And you would invoke this pvmd3 with that host file, and the PVM daemon will then run on all these hosts whose names you have given. Here is how you would execute it, as though it's a normal program, and it is a normal program.
And I suppose we should make sure how to quit PVM. The application components of course should have executed pvm_exit at the bottom of their code. To make sure that all of these daemons, PVM daemons themselves will go away, the simplest thing to do is to get into PVM console, so type PVM and then the command that you issue in there is halt. That will remove all the daemons.
So that's the end of that particular talk. And I still have one more to go and then I want to give a little bit of detail about our lab before we take the break. Any questions about this part?
Much of this MPI thing is going to parallel what we said about PVM, except for some execution paths and so on. So MPI, and this why there's going to be, I'm sure, some questions, and then we will have hopefully some discussion with participation from you guys.
Why should one do MPI instead of PVM it is so similar, and they are similar. This also works on a network of heterogeneous machines. Like PVM, there are multiple implementations. In the case of PVM, the open source implementation there is just one. In this case there are actually three, but these are the two very well known ones.
MMI people will say often say they have formally specified the standards, but that word in the software engineering world will not fly, so I replaced it with rigorously specified. It is indeed a very carefully written document that describes the entire set of functions that MPI defines.
Of course, the typical implementation is such that you do have a high degree of portability. If you read deeply into MPI literature, they do acknowledge there can be problems in trying to port your MPI applications from one host to another wholly different host if the implementations are by different vendors.
But as long as the implementation, such as MPICH are everywhere, then it is indeed very portable.
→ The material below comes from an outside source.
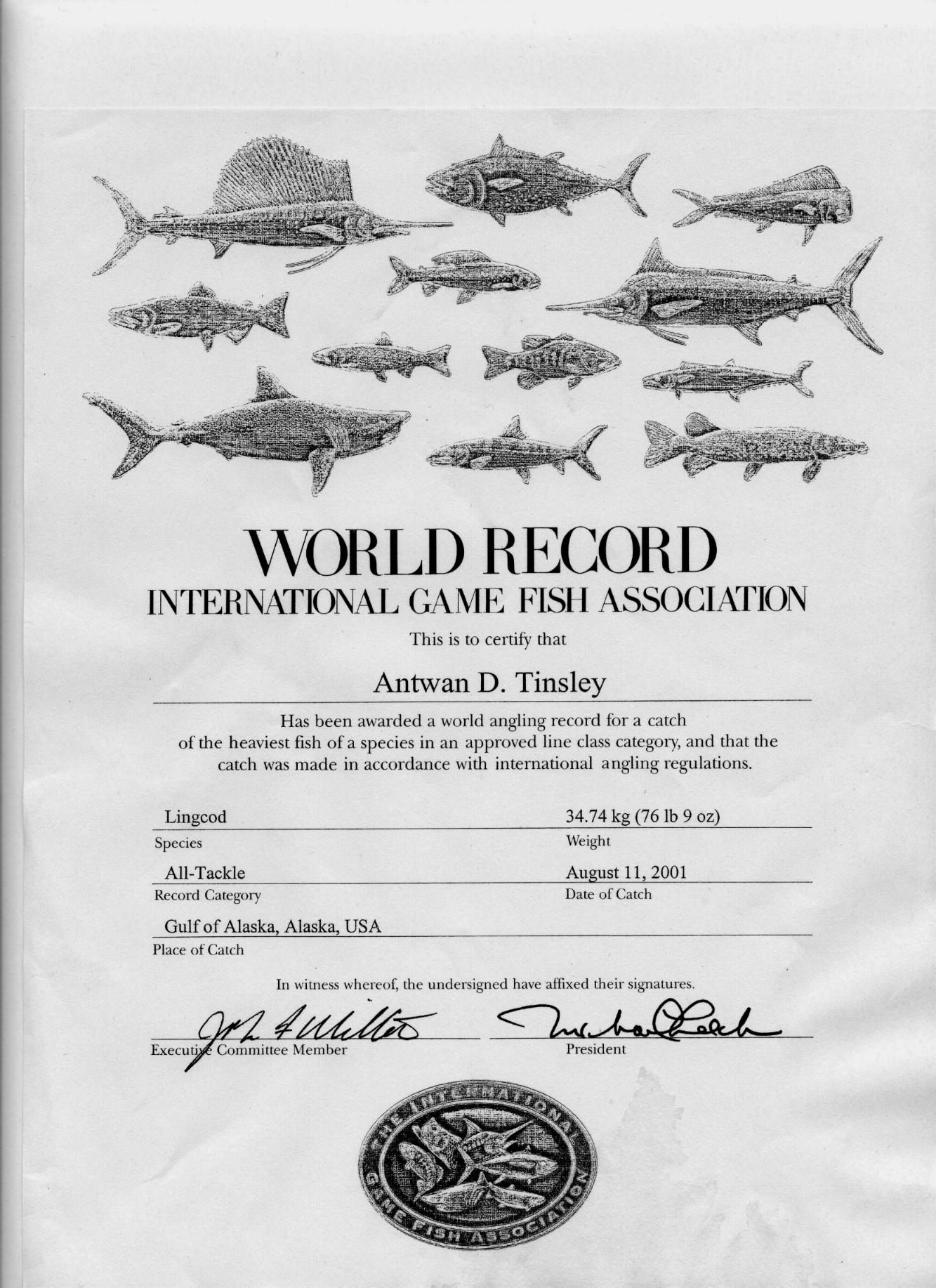 World Record Certificate3.jpg (340116 bytes)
Of course, it enables third-party libraries for a variety of things can fully overlap communication.
One more thing that there was a little bit of confusion. What we currently have available generally is the MPI 1.X. I think our version actually is 1.1 or so. MPI 2 has been defined. So some of the comments about, well, the MPI does not have dynamic creation of processes et cetera, are taken care of this in this MPI 2. But these implementations are yet to become generally available.
So here are some of the features that MPI 2 has, but we are yet to have either widely available vendor implementations, or for that matter, open source implementations, are yet to happen. So in terms of the total number of functions, I haven't counted them. Somebody gave me a count of 129. So I thought it was safe to say 125 plus. And the typical claim is that you could write a good enough MPI program using just about six.
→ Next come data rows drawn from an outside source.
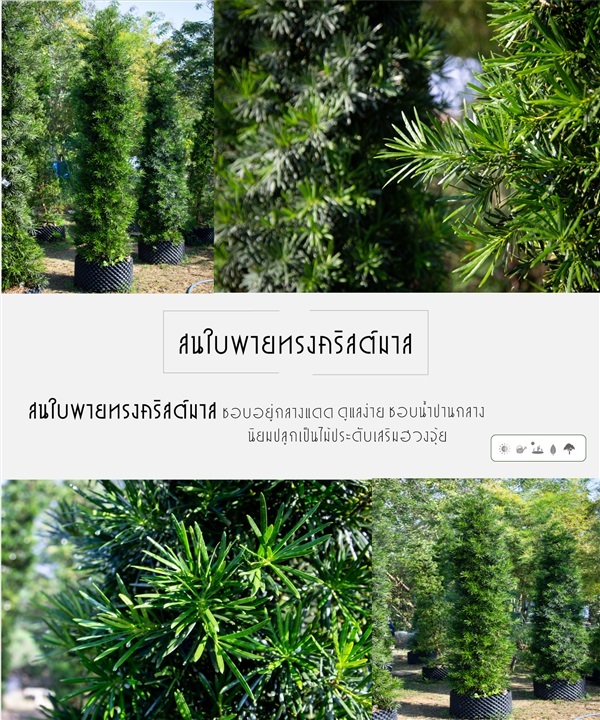 สนใบพายทรงคริสต์มาส | บริษัท กิมการ์เด้นโฮลดิ้ง จำกัด (สำนักงานใหญ่) - บางใหญ่ นนทบุรี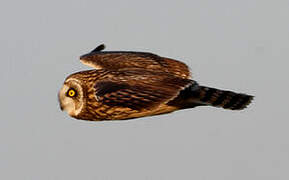 Short-eared Owl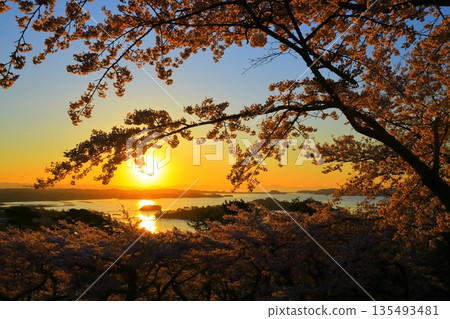 日出和櫻花盛開 135493481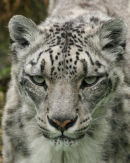 Snow Leopard 3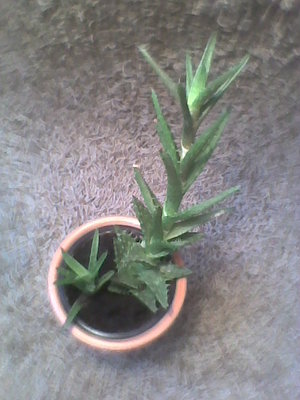 Aloes drzewiasty 2.jpg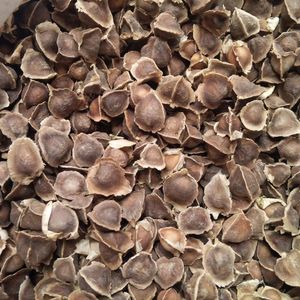 Graines de Moringa de Qualité Supérieure en Gros, 100% Pures, Graines de Moringa Oleifera à Prix de Gros - Product Image 4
I think the standard hello-world-type of program here, uses just about that number. So here is the simplest skeleton that I could think of, trying to illustrate the manager worker paradigm again. And on the left is real code. On the right-hand side is some comments regarding the specific things that are showing up on the left-hand side.
Now, this is probably a good time to bring this acronym SPMD one more time. Here is a single program that's going to run with multiple data. And because of that goal, typically you would see somewhere at the very top this kind of and-if statement. And if statement where the process asks: What is my number? And if I am number zero, I am the manager. If I'm not number zero, I am the worker.
So it is kind of a stretch there to say it is single program. Well, it is single program, but right at the top we had branched off. The manager is then invoking a different routine altogether from the typical worker who is invoking the worker.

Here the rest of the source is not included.